Advertorial Boks Daerah Ekonomi Bisnis Entertainment Hukum & Kriminal Internasional Kesehatan Kolom Lifestyle Nasional Nduk Olahraga Opini Pendidikan Politik & Pemerintahan Teknologi Visual Report Wisata & Kuliner

Siswi SD di Bekasi Jadi Korban Pelecehan Lapor Polisi Malah Dilaporkan Balik Atas Dugaan Pencemaran Nama Baik

Nadia Nafifin • Rabu, 11 Desember 2024 | 17:10 WIB
Ilustrasi korban pelecehan.
Ilustrasi korban pelecehan.

RADARTUBAN - Seorang siswi SD berusia 7 tahun di Bekasi Timur, Kota Bekasi, tak masuk sekolah selama tiga bulan karena mengalami tekanan mental setelah menjadi korban dugaan kekerasan dan pelecehan seksual oleh wali murid berinisial RS.

"Saat ini ada dampak, sudah tiga bulan tidak bersekolah," ujar YS, 31, inisial ayah korban, Selasa (10/12).

Dia mengungkapkan, belakang ini kepribadian serta aktivitas putrinya juga berubah.

"Dari yang pribadi ceria, jadi pendiam, suka murung, nangis sendiri. Yang tadinya mengikuti kegiatan informal seperti les musik, terhenti, dan anak saya mengalami ketakutan untuk sekolah," ungkapnya.

YS mengaku sudah melayangkan permohonan ke Komisi Perlindungan Anak Daerah (KPAD) Kota Bekasi untuk mendapat asesmen, namun belum mendapat jawaban hingga saat ini.

Pada (4/10), RS melaporkan YS ke Polres Metro Bekasi Kota atas dugaan pencemaran nama baik.

YS diduga mencemarkan nama baik RS setelah melaporkan dugaan pelecehan seksual dan kekerasan yang dilakukan RS terhadap anaknya yang berusia 7 tahun kepada pihak sekolah.
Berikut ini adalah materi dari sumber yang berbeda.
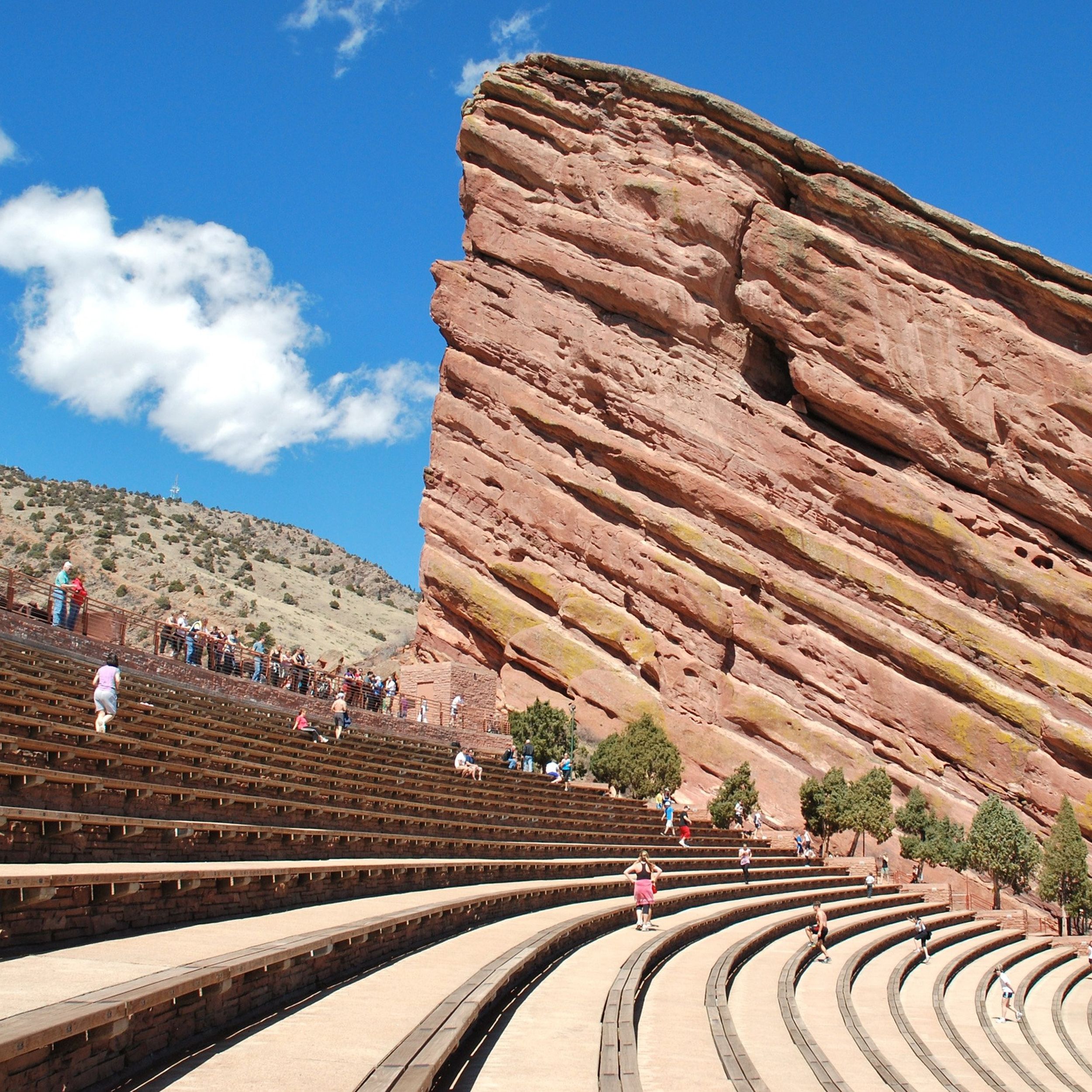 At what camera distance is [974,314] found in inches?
1447

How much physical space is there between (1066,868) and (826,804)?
694 centimetres

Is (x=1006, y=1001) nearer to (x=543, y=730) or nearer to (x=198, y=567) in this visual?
(x=543, y=730)

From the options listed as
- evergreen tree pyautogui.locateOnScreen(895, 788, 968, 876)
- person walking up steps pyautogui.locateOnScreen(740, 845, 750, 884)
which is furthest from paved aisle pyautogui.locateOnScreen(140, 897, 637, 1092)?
evergreen tree pyautogui.locateOnScreen(895, 788, 968, 876)

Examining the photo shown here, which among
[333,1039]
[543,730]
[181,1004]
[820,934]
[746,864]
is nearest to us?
[181,1004]

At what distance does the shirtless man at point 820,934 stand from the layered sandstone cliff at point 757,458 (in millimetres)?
15968

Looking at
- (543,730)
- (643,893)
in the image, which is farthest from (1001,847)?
(643,893)

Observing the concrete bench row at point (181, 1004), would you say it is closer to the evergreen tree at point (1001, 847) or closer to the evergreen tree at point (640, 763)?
the evergreen tree at point (640, 763)

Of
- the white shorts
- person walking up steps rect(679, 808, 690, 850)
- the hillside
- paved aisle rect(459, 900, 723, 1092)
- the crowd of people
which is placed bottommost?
paved aisle rect(459, 900, 723, 1092)

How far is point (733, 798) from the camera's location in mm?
31422

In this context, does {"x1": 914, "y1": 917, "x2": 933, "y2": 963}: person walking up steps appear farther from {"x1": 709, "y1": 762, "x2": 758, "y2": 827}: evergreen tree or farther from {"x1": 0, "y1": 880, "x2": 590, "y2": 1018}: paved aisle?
{"x1": 0, "y1": 880, "x2": 590, "y2": 1018}: paved aisle

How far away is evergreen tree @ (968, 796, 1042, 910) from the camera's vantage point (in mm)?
30391

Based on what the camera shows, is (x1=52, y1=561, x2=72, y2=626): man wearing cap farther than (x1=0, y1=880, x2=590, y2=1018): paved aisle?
Yes

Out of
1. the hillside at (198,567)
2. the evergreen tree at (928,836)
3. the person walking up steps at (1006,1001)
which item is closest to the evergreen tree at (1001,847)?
the evergreen tree at (928,836)

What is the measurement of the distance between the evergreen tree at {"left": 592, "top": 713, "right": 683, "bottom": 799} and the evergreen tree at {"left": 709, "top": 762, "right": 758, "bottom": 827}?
1402mm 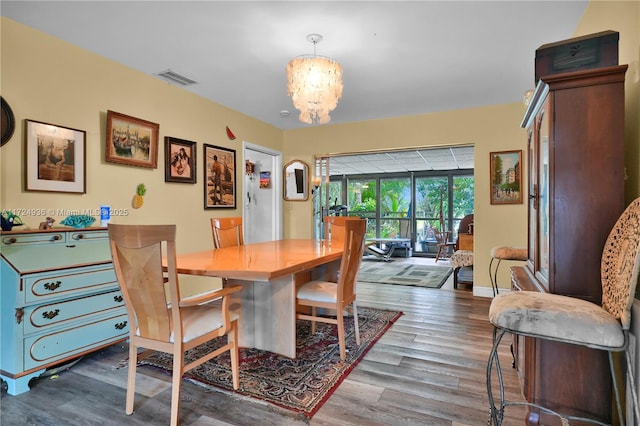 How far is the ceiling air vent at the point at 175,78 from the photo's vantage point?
3.31m

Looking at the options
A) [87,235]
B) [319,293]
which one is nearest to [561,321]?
[319,293]

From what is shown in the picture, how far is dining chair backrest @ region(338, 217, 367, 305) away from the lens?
7.63ft

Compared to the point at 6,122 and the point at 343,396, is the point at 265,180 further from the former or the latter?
the point at 343,396

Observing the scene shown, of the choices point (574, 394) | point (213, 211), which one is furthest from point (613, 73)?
point (213, 211)

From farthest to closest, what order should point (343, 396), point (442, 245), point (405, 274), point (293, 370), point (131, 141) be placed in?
point (442, 245)
point (405, 274)
point (131, 141)
point (293, 370)
point (343, 396)

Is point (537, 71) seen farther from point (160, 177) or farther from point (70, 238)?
point (160, 177)

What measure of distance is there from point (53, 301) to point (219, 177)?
241 cm

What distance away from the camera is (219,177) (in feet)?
14.0

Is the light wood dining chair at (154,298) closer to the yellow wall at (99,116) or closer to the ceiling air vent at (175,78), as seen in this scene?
the yellow wall at (99,116)

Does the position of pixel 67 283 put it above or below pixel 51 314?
above

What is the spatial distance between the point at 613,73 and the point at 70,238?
3.22m

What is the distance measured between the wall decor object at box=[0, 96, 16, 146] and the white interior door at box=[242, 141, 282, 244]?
3.22 m

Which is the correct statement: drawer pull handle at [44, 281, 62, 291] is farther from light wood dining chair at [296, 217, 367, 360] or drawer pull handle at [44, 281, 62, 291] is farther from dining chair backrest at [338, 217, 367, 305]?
dining chair backrest at [338, 217, 367, 305]

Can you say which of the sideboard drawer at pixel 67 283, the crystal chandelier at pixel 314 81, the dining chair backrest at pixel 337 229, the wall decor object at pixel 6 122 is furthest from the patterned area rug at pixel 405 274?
the wall decor object at pixel 6 122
"Saya baru tahu dilaporkan pada 4 Oktober atas pencemaran nama baik. RS mengeklaim dengan saya menyampaikan kepada pihak sekolah atas keluhan anak saya itu, dia merasa nama baiknya dicemarkan," ujar YS.

YS melaporkan RS ke pihak sekolah pada (23/9), setelah anaknya mengungkapkan telah mengalami kekerasan fisik dan pelecehan seksual oleh RS. Pengakuan tersebut diperkuat dengan hasil visum yang dilakukan dengan pendampingan penyidik dari Unit Perlindungan Perempuan dan Anak (PPA) Polres Metro Bekasi Kota.

Kepada penyidik, korban mengaku bahwa dilecehkan oleh RS.

"Korban memberikan keterangan jawabannya seperti yang dialami, bagian-bagian sensitifnya dipegang oleh RS," ungkap YS.

Kekerasan fisik yang dilakukan oleh RS Tak dengan memukul bokong korban dengan tangannya.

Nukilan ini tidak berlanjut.